Thomas Jefferson once said, "Error of opinion may be tolerated where reason is left free to combat it." Professor Churchill's opinions regarding September 11 have been utterly rejected by the public at large, have caused public figures from across the political spectrum to unite in their outrage against him, and have led many of his own colleagues to condemn his statements. If he intended to generate sympathy for terrorists, the effect has been the opposite. We need not fear his words, and we must not allow our anger to cause us to betray our deepest moral and legal principles. Indeed, it is most important that at times like these we defend our fundamental liberties. Liberty faces a far greater threat from a rejection of the First Amendment than it does from the opinions of Ward Churchill.

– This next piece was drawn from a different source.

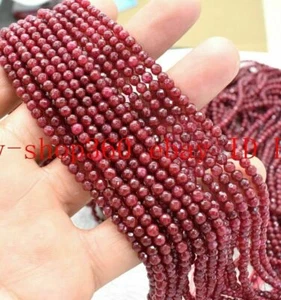 Wholesale 10 Pcs Faceted 3mm Red Jade Round Gemstone Loose Beads 15" - Picture 1 of 12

Now, I'm a believer in the protection of free speech, even when it's unpopular. However, I also believe that the right of free speech is not absolute. There's always the old example of yelling "fire" in a crowded theater, but you could also consider libel/slander laws, or even those court cases in which people were arrested for using profane language in public places. (The "cussin' canoeist" case was overturned on appeal, but people are still being charged under the same law.) We have to balance the right of individual expression with the possible harmful effect(s) it may have on others in the community.
I agree that Churchill's essay is protected under free speech. That's not what I worry about, nor what I believe that CU should be investigating. You see, Lukianoff uses Jefferson's quote to defend Churchill's right to free speech. The problem is, that same quote also, I believe, creates huge problems for Churchill and justification for CU's investigation. Jefferson says "Error of opinion may be tolerated where reason is left free to combat it," and Lukianoff uses the mass public outrage against Churchill to imply that reason has combated his "error of opinion." Jefferson is right, and in regards to the public essay, so is Lukianoff. But what about the classroom, a place where the power differential between student and professor nullifies the reason that would otherwise "combat" Ward's beliefs? Is Ward forcing his views upon his students? Is he indoctrinating them in his own radical beliefs? This is what CU should be investigating, the same as if they received word of a math professor teaching that 1+1=11, or a geography professor who continually lectures his students that the world is flat. The powers that be at CU are responsible for maintaining the integrity of the educational process. That Churchill appears to have made up his supposed Native American heritage, that he may have committed academic fraud, and that the essay in the midst of all of this has errors I wouldn't accept from my freshmen, much less a tenured professor, creates more than enough suspicion to investigate this man. Ward Churchill is an insult to those of us in higher education who do our jobs responsibly and professionally.